Concurrent Convertible Note Hedge and Warrant Transactions
In connection with the pricing of the notes, InterDigital has entered into privately negotiated convertible note hedge transactions with certain financial institutions, some of which are the initial purchasers of the notes or their affiliates (the “hedge counterparties”). The convertible note hedge transactions collectively will cover, subject to customary anti-dilution adjustments, the aggregate number of shares of InterDigital common stock that will initially underlie the notes. InterDigital has also entered into privately negotiated warrant transactions with the hedge counterparties whereby InterDigital has sold to the hedge counterparties warrants relating to the same number of shares of InterDigital common stock, with such number of shares subject to customary anti-dilution adjustments. The strike price of the warrant transactions will initially be approximately $106.37 per share, which represents a 75% premium to the closing sale price of InterDigital common stock on the NASDAQ Global Select Market on May 24, 2022. In addition, if the initial purchasers exercise their option to purchase additional notes, InterDigital expects to enter into one or more additional warrant transactions and to use a portion of the proceeds from the sale of the additional notes and warrant transactions to enter into additional convertible note hedge transactions. The convertible note hedge transactions are expected to reduce the potential dilution with respect to InterDigital common stock and/or offset any potential cash payments InterDigital is required to make in excess of the principal amount of converted notes, as the case may be, upon any conversion of the notes in the event that the market price per share of InterDigital common stock exceeds the strike price of the convertible note hedge transactions. However, the warrant transactions will have a dilutive effect to the extent that the market price per share of InterDigital common stock exceeds the applicable strike price of the warrants on any expiration date of the warrants.
Concurrent Repurchase of $273.8 Million of Existing 2.00% Convertible Senior Notes due 2024
Concurrently with the offering of the notes, InterDigital entered into privately negotiated transactions with certain holders of its 2024 notes to repurchase approximately $273.8 million aggregate principal of the outstanding 2024 notes for a total repurchase cost of approximately $285.2 million (the “Note Repurchase Transaction”).
InterDigital expects that holders of its 2024 notes that are party to any Note Repurchase Transaction may purchase or sell shares of its common stock in the market to hedge their exposure in connection with these transactions.

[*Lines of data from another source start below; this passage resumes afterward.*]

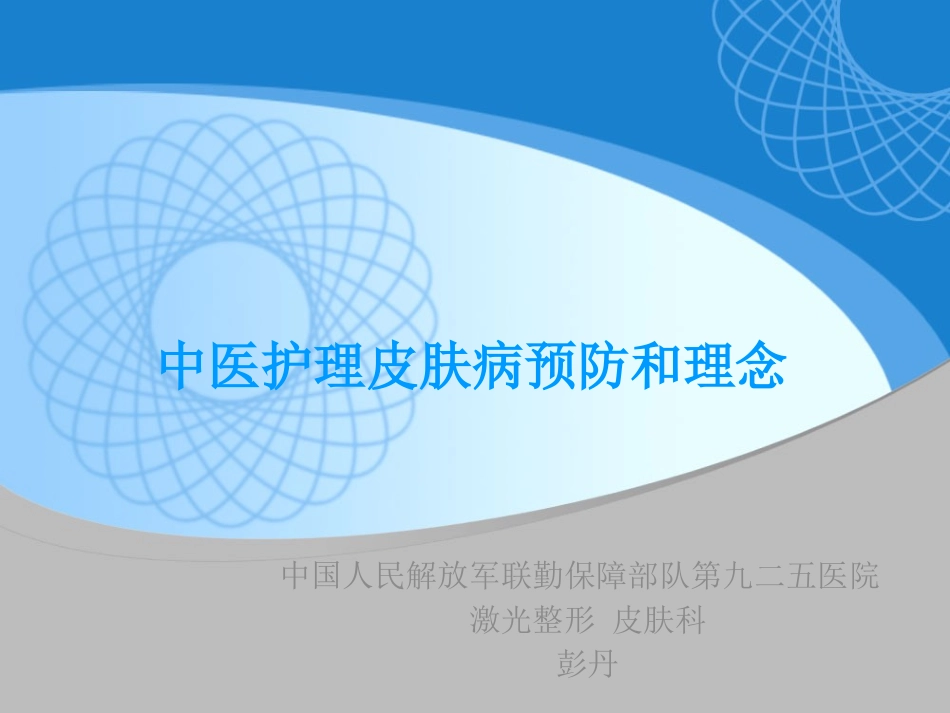 中医护理皮肤病预防_第1页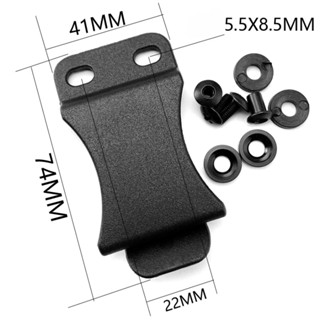 Luc ชุดอุปกรณ์เสริมซองหนัง IWB แบบซ่อนเอว สําหรับ Kydex Holster EDC
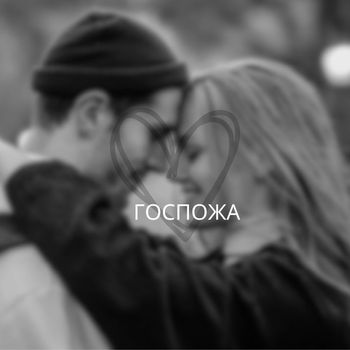 Dili - ГОСПОЖА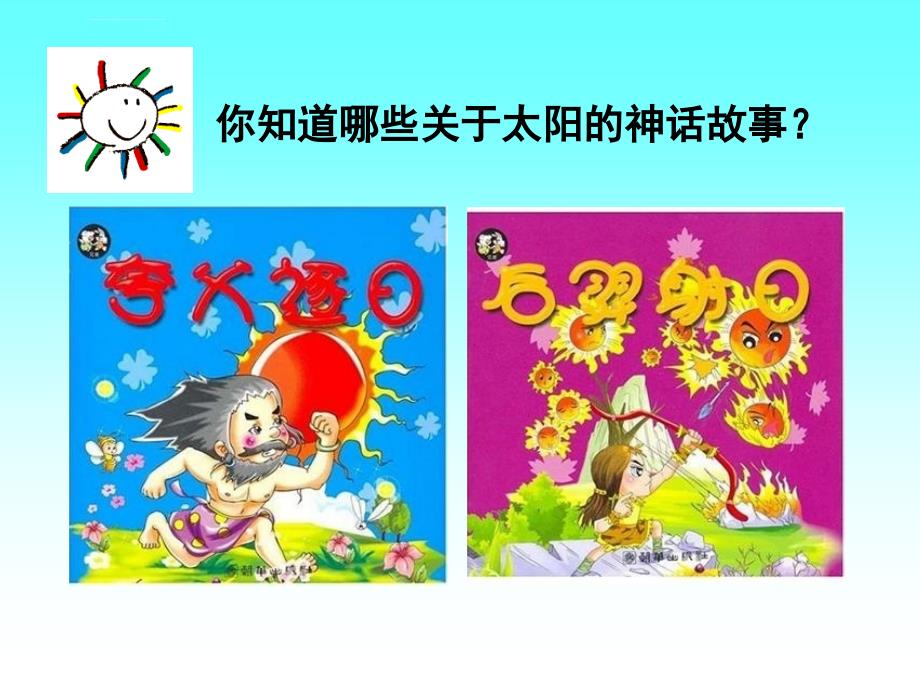 《太阳课件》小学美术人美版一年级下册_28_第3页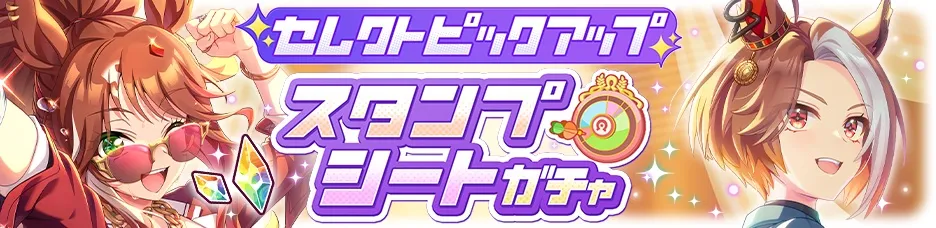 スタンプシートガチャ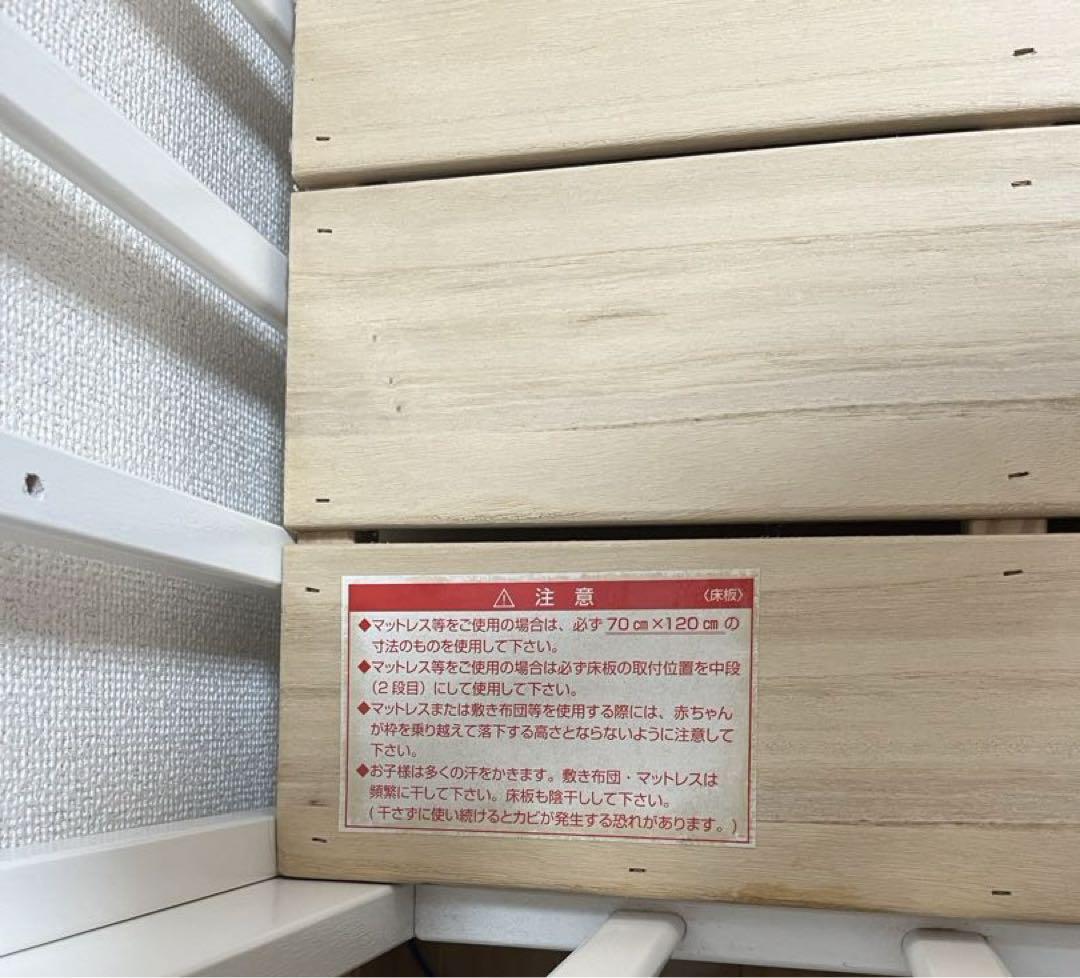KATOJI ベビーベッド　ハイタイプ　ホワイト  カトージ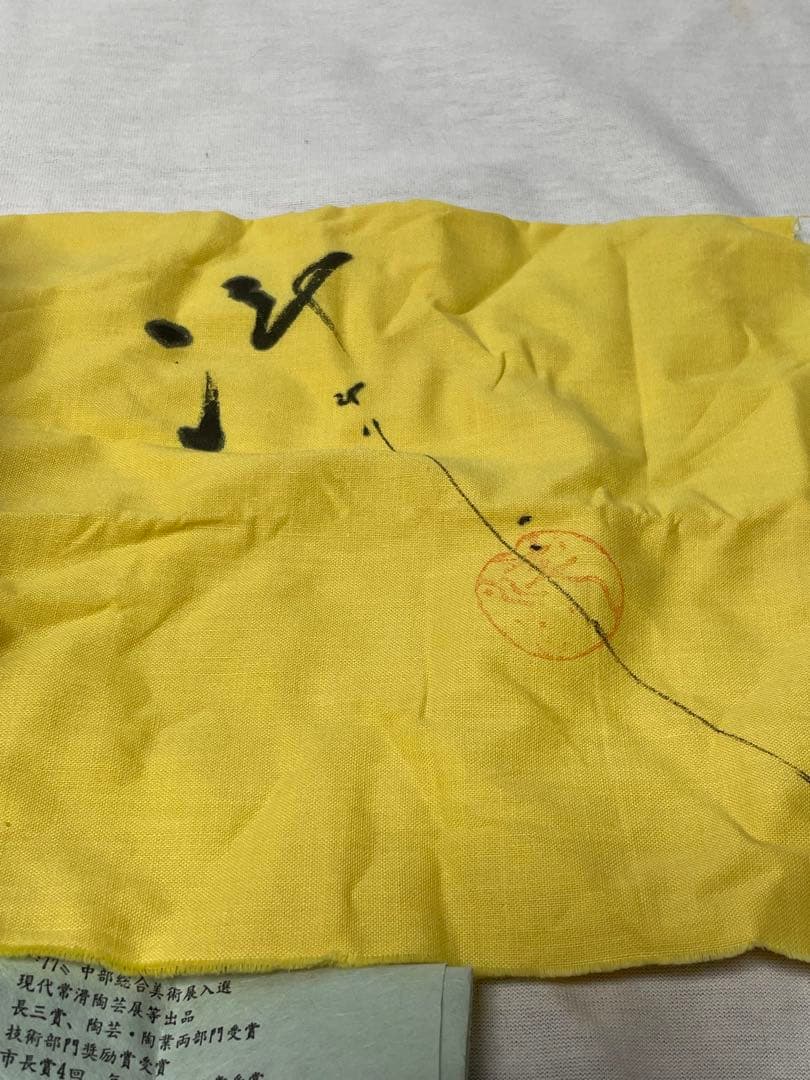 MT09 水滴　小西洋平　書道具　共箱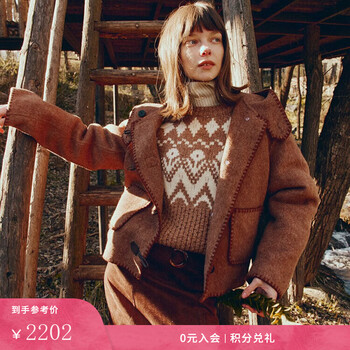 Fabrique earl gray tea sheep wool alpaca embroidered hooded coat red brown xs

This activity could affect the market price of InterDigital common stock and could also impact the initial conversion prices of the notes.
Concurrent Repurchase of Common Stock
Concurrently with the pricing of the offering of the notes, InterDigital will repurchase approximately $75.0 million of shares of InterDigital common stock (the “Common Stock Repurchase”) from institutional investors through one of the initial purchasers or its affiliate, as InterDigital’s agent. The purchase price per share of the common stock repurchased from such institutional investors was $60.78 per share, the closing price of the stock on May 24, 2022. Such Common Stock Repurchase could have increased, or limited a decline in, the market price of InterDigital’s common stock, which may have resulted in a higher effective conversion price of the notes.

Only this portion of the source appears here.